See topics/brand-token-chart-families for the full mapping of families to brand tokens.

Brand Token System (4 templates x 35+ tokens)

Each brand template defines typography, surfaces, palettes (qualitative, sequential, diverging), data-viz tokens, spacing, and semantic colors:

  • Slate: Helvetica / Paul Tol Bright. Clean corporate default.
  • Aurora: Avenir / Paul Tol Vibrant. High-energy, saturated.
  • Earth: Georgia / Paul Tol Muted. Academic, subdued.
  • Journal: Palatino / Tableau-10. Publication-ready, classic serif.

All palettes are colorblind-safe by construction (Paul Tol or Tableau lineage).

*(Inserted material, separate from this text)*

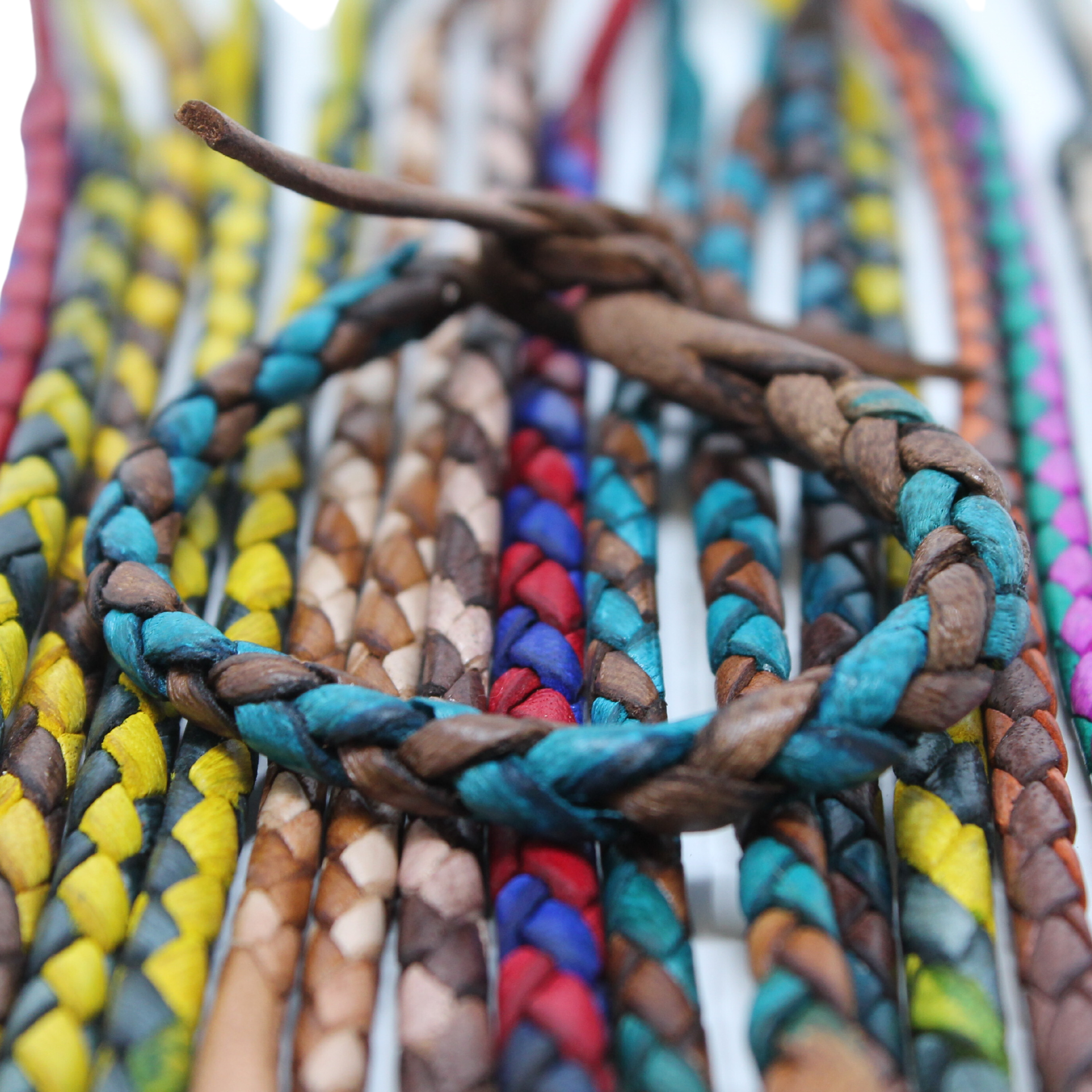 Adjustable twisted artisan leather bracelet jewelry for men and women displayed with colorful braided bracelets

Quality Validation Pipeline (108 checks)

See topics/r-viz-quality-validation-pipeline for the full validation architecture.

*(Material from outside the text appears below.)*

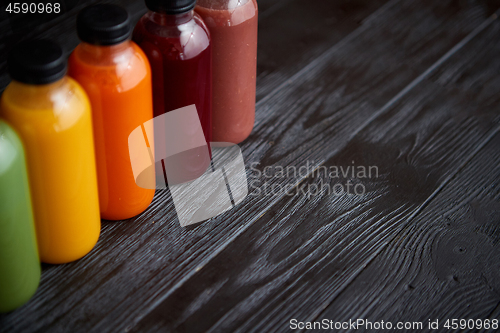 Image of Colorful bottles filled with fresh fruit and vegetable juice or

  • 12 automated mechanical checks (regex on script content)
  • 12 family-specific checks x 9 families = 108 total
  • Rubric scoring: BAD/OKAY/GOOD/EXCELLENT with specific criteria per family
  • Current baseline: 36/36 scripts pass, 0 errors, 37 warnings

MCP Server (deployed on Railway)

Part of the topics/mcp-server-ecosystem. Exposes:

  • Resources: plan sections, skill metadata, prompt templates, example scripts, validation rules
  • Tools: get_plan_section, search_plan, list_chart_families, get_quality_checklist
  • Prompts: 9 family-specific generators (create_scatter, create_distribution, create_timeseries, etc.)

Provenance

Born from the brand token system experiment (Feb 2026, predates experiments dimension): the insight that visualization quality is reproducible when you externalize design decisions into tokens and validate mechanically. The 1800-line plan emerged from iterating on the 36 scripts until all 108 checks passed: the spec is a distillation of what worked, not a theoretical document.

Key milestones:

  • 36 scripts across 9 families: each script is self-contained, tested, and brand-aware
  • 108-check validation pipeline: automated quality gate that catches the most common visualization failures (missing labels, colorblind-unsafe palettes, poor aspect ratios, overplotting)
  • 4 brand templates: production-tested token sets that map to real publication contexts
  • MCP deployment: server on Railway exposes the full pipeline programmatically

Usage Notes

  • Start with list_chart_families to select the right family for your data shape
  • Always specify a brand template: the default (Slate) is safe but generic
  • The quality target should be EXCELLENT (8-10) for anything going into a report or publication
  • Distribution family (dst_) has the most scripts (7) because distributions are the most common visualization need and the most commonly botched
  • Survival family (sur_) has only 2 scripts but they are the most complex (KM+risk table is ~200 lines)
  • The validation pipeline catches issues that look fine on screen but fail in print (DPI, font embedding, color contrast)
  • Geospatial scripts require additional system dependencies (GDAL/PROJ): check geo_ prerequisites before running

Quality Checks

  1. Chart renders without ggplot errors. Rscript <chart>.R 2>&1 | grep -c 'Error\|Warning' returns 0.
  2. Export DPI correct. Print: 300 DPI. Web: 144 DPI. Verify with exiftool <chart>.png | grep -i dpi.
  3. Fonts embed in PDF export. pdffonts <chart>.pdf shows no Type 3 fonts (= rasterized); all fonts embedded.
  4. Family code matches spec. DST (distribution), COR (correlation), TS (time-series), CMP (comparison), COM (composition). Per [topics/visual-output-routing](/topics/visual-output-routing).
  5. No overplotting. For scatter plots with n>100, alpha-blending or jittering present. Verify visually or via density-overlay check.
  6. Axes labeled, title + caption present. Every chart has ggtitle, labs(x=, y=), and a source-note caption.

Visual Enrichment

MediumTypeDescription
RSTA forest plot108-check pass rates by family
FigmaFlowchartPipeline: data -> family -> script -> brand -> validation

Self-Improvement Cross-Reference

This skill is the R-side implementation of the routing described in topics/visual-output-routing. It is both a tool and a product of Pattern 4 (Compiler Wiki): the quality validator is a lint cycle. For the master reference on all 6 self-improvement patterns, see skills/self-improving-agent-patterns.